**ACTIVITY:**
Omit the pictures and output every entry below exactly as written.

[EXTRACTED INFORMATION — start]

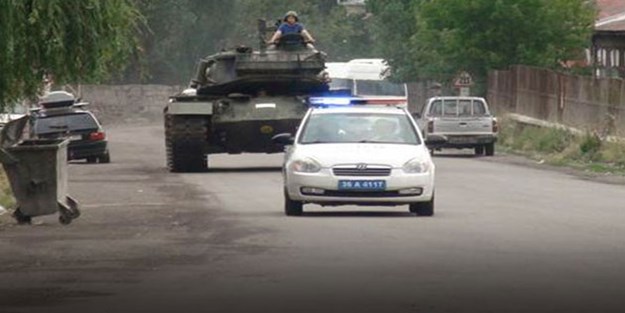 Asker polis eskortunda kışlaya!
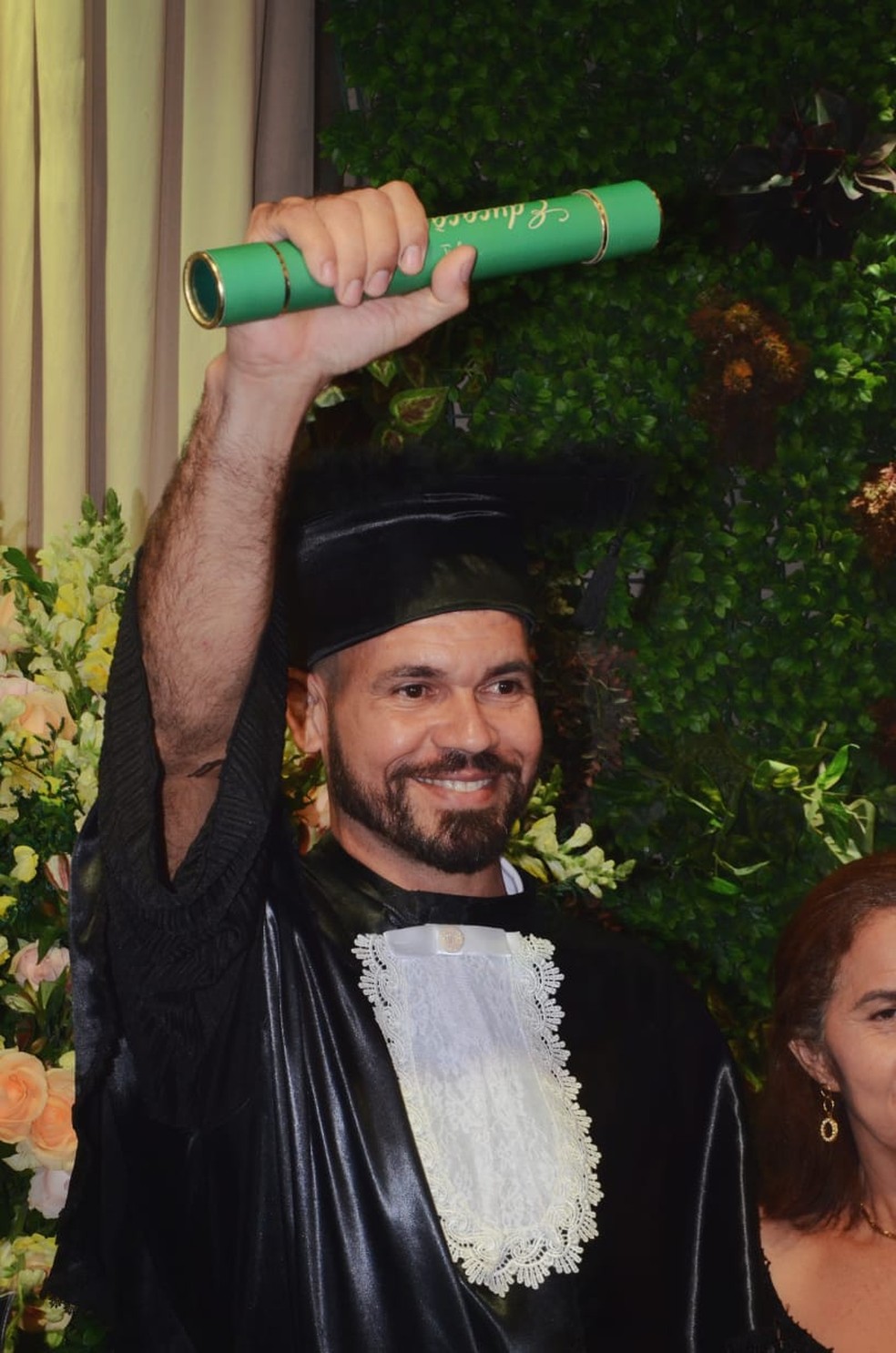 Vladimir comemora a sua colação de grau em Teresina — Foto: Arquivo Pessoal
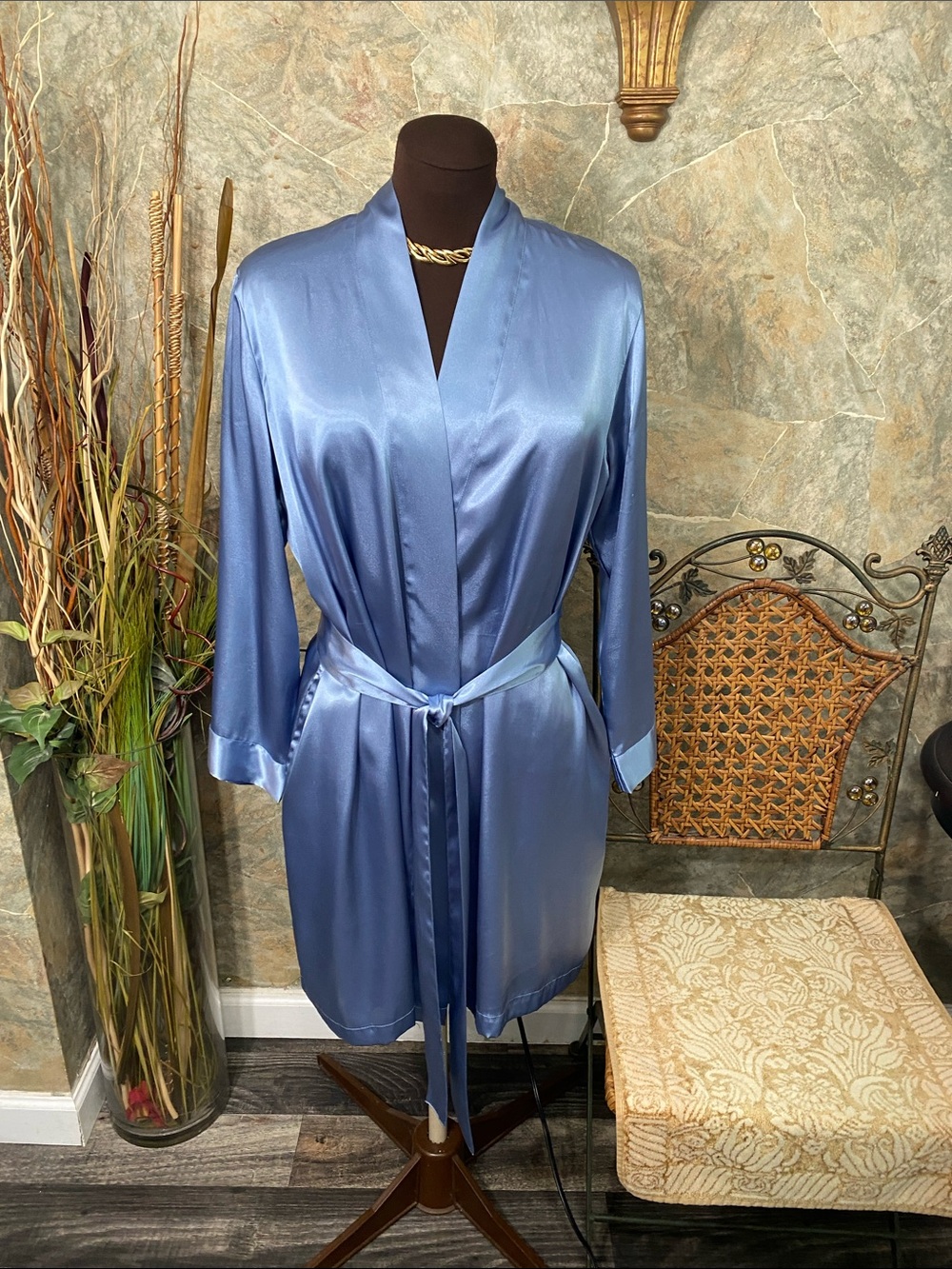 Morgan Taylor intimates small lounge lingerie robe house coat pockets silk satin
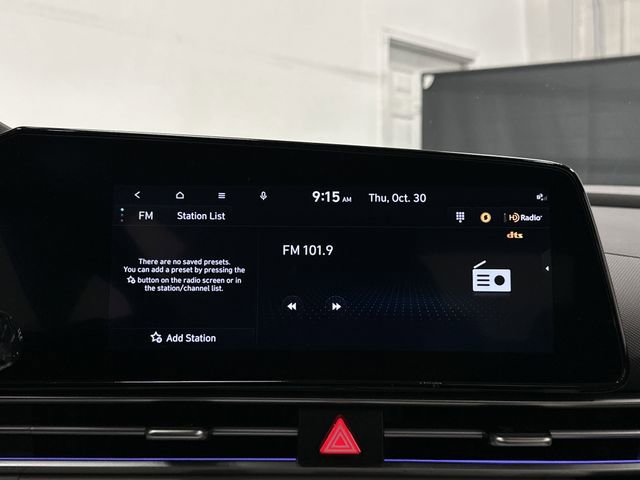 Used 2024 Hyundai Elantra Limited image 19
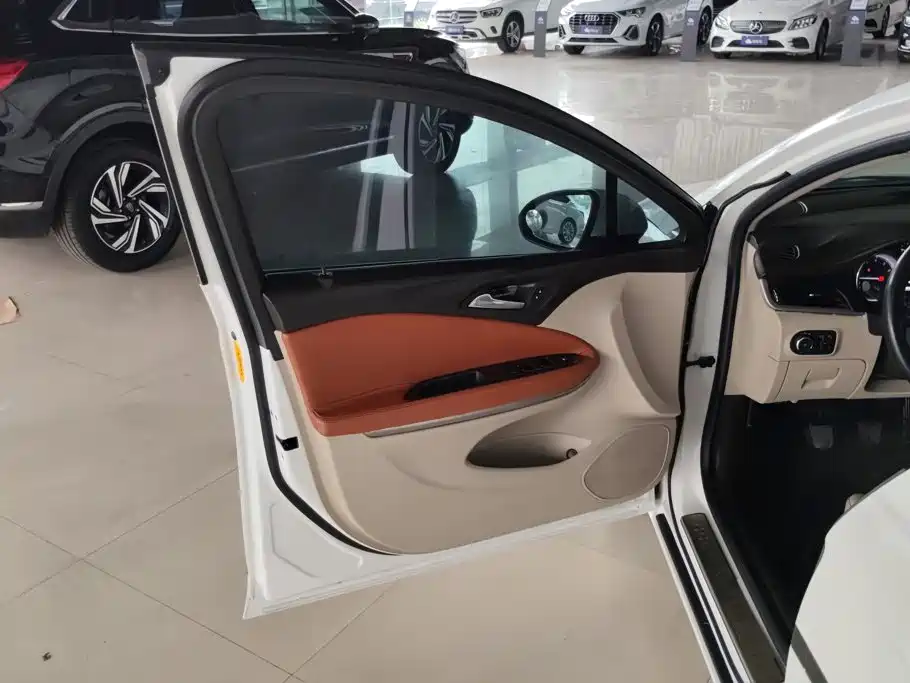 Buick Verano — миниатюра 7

[EXTRACTED INFORMATION — finish]

**COMPLETED TASK:**
 Asker polis eskortunda kışlaya!
 Vladimir comemora a sua colação de grau em Teresina — Foto: Arquivo Pessoal
 Morgan Taylor intimates small lounge lingerie robe house coat pockets silk satin
 Used 2024 Hyundai Elantra Limited image 19
 Buick Verano — миниатюра 7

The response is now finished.